Applies to etodolac: oral capsule, oral tablet, oral tablet extended release

In addition to its needed effects, some unwanted effects may be caused by etodolac (the active ingredient contained in Lodine XL). In the event that any of these side effects do occur, they may require medical attention.

You should check with your doctor immediately if any of these side effects occur when taking etodolac:

More common
  • Abdominal or stomach bloating, burning, cramping, or pain
  • belching
  • bloody or black, tarry stools
  • blurred vision
  • body aches or pain
  • cloudy urine
  • congestion
  • constipation
  • cough or hoarseness
  • decrease in urine output or decrease in urine-concentrating ability
  • diarrhea
  • dizziness
  • dryness or soreness of throat
  • feeling of indigestion
  • fever or chills
  • headache
  • increased bleeding time
  • itching skin
  • loss of appetite
  • lower back or side pain
  • nausea and vomiting
  • nervousness
  • pain in the chest below the breastbone
  • painful or difficult urination
  • pale skin
  • pounding in the ears
  • rash
  • runny nose
  • severe stomach pain
  • slow or fast heartbeat
  • swelling
  • tender, swollen glands in neck
  • trouble in swallowing
  • troubled breathing with exertion
  • unusual bleeding or bruising
  • unusual tiredness or weakness
  • voice changes
  • vomiting of blood or material that looks like coffee grounds
  • weight loss
Symptoms of overdose
  • Agitation
  • change in consciousness
  • confusion
  • depression
  • difficult or troubled breathing
  • hives
  • hostility
  • irregular, fast or slow, or shallow breathing
  • irritability
  • loss of consciousness
  • muscle twitching
  • pain or discomfort in chest, upper stomach, or throat
  • pale or blue lips, fingernails, or skin
  • puffiness or swelling of the eyelids or around the eyes, face, lips, or tongue
  • rapid weight gain
  • seizures
  • shortness of breath
  • sleepiness
  • stupor
  • swelling of face, ankles, or hands
  • tightness in chest
  • unusual drowsiness, dullness, or feeling of sluggishness
  • wheezing

Some of the side effects that can occur with etodolac may not need medical attention. As your body adjusts to the medicine during treatment these side effects may go away. Your health care professional may also be able to tell you about ways to reduce or prevent some of these side effects. If any of the following side effects continue, are bothersome or if you have any questions about them, check with your health care professional:

More common
  • Bloated, full feeling
  • continuing ringing or buzzing or other unexplained noise in ears
  • excess air or gas in stomach or intestines
  • hearing loss
  • lack or loss of strength
  • passing gas
  • sneezing
  • stuffy nose

For Healthcare Professionals

Applies to etodolac: oral capsule, oral tablet, oral tablet extended release

Gastrointestinal

Serious GI toxicity, such as inflammation, bleeding, ulceration, and perforation of the stomach, small intestine or large intestine, can occur at any time, with or without warning symptoms, in patients treated chronically with NSAIDs.
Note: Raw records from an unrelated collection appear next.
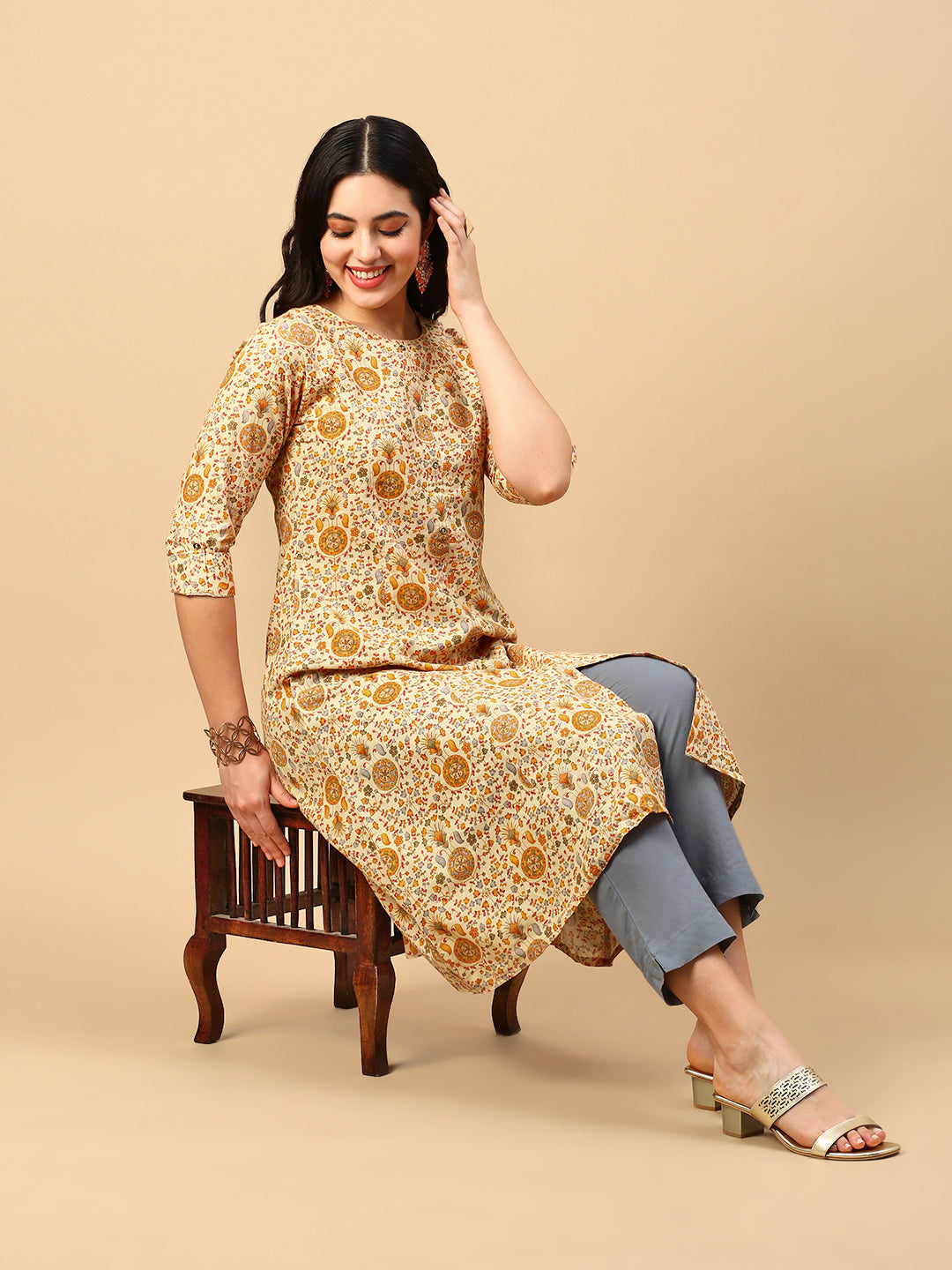 Women Yellow Floral A Line Kurta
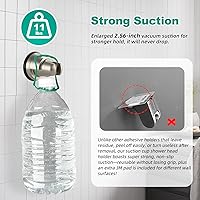 Vista 5 de Hibbent Soporte de cabezal de ducha con ventosa al vacío, soporte de cabezal de ducha extraíble, soporte de pared ajustable en altura ajustable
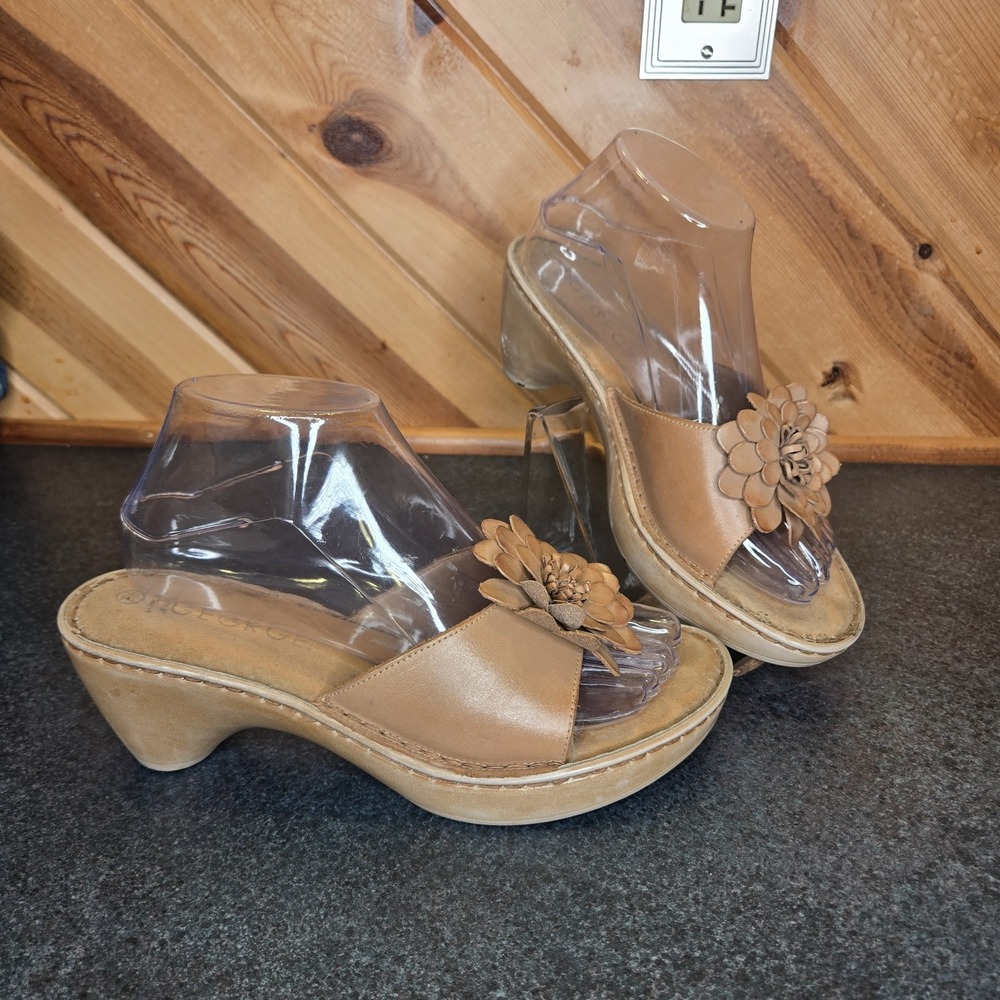 Vtg Y2K Brown Leather George Slip On Heels‎ Flower Sz 7.5 Retro Peep Toe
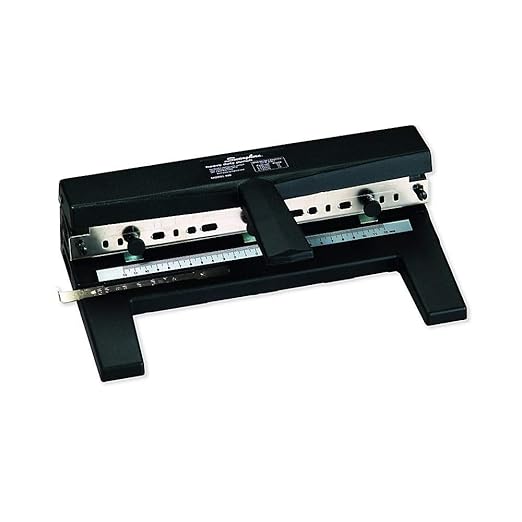 Swingline 3 Hole Punch Heavy Duty, 40 Sheet Capacity Three Hole Puncher 3 Ring, Adjustable 2-7 Hole Paper Punch, Black (74440)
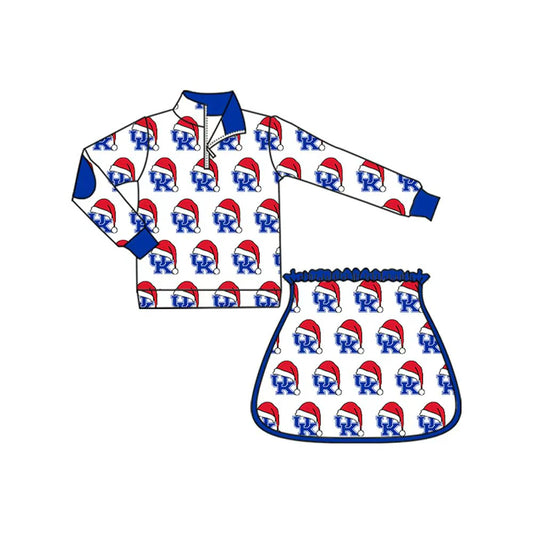 8.13Baby Girls UK Team Christmas Zip Pullovers Top Skort Shorts Clothes Sets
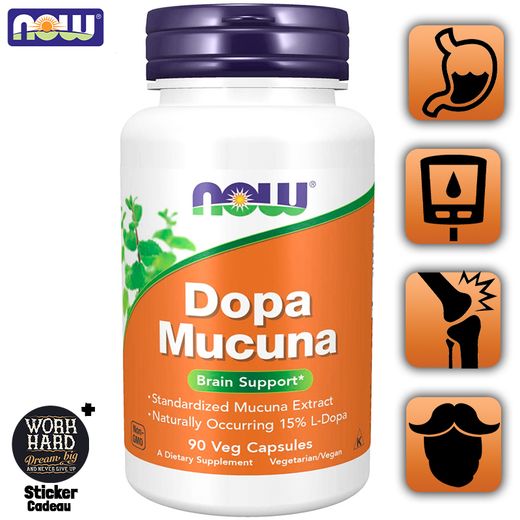 Now Foods mucuna dopamine Formule de soutien  90 gélules végétales+sticker cadeau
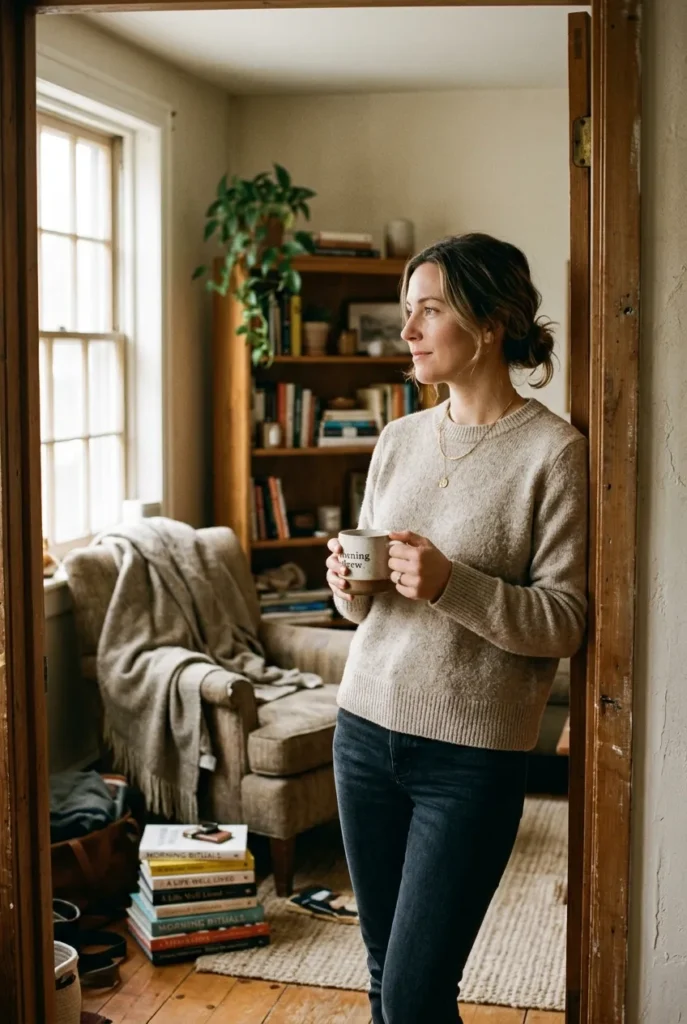 Where to start decluttering, a woman calmly surveying a cluttered living room in morning light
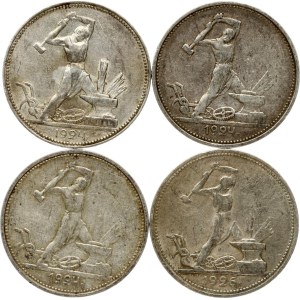 Russia USSR 50 Kopecks 1924 & 1926 Lot of 4 coins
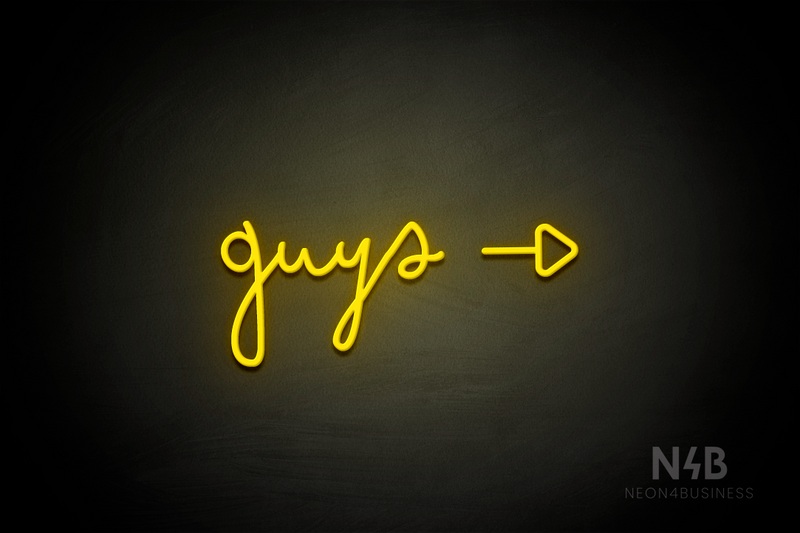 "Guys" (right side arrow, Bandita font) - LED neon sign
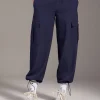 High Waist Cargo Pants In Max Dry Fabric Navy Blue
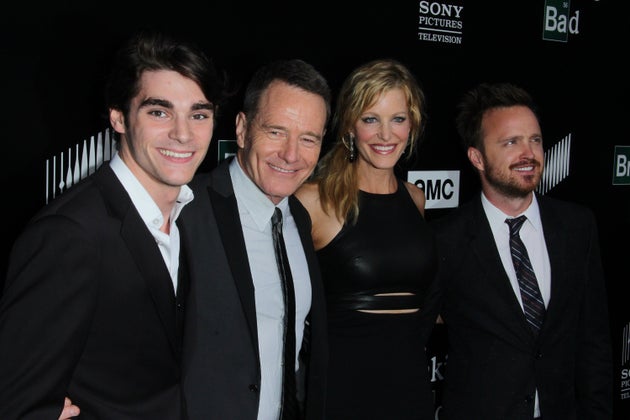 RJ Mitte with Breaking Ba co-stars Bryan Cranston, Anna Gunn and Aaron Paul in 2013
In one safety review, the overall incidence of serious GI side effects associated with etodolac (the active ingredient contained in Lodine XL) use ranged from 0.3% to 0.6%. The manufacturer cites a higher incidence, 2% to 4%, of serious GI events in patients treated with NSAIDs for up to one year.

Patients with a history of serious GI events or alcohol abuse are at increased risk for severe GI side effects.[Ref]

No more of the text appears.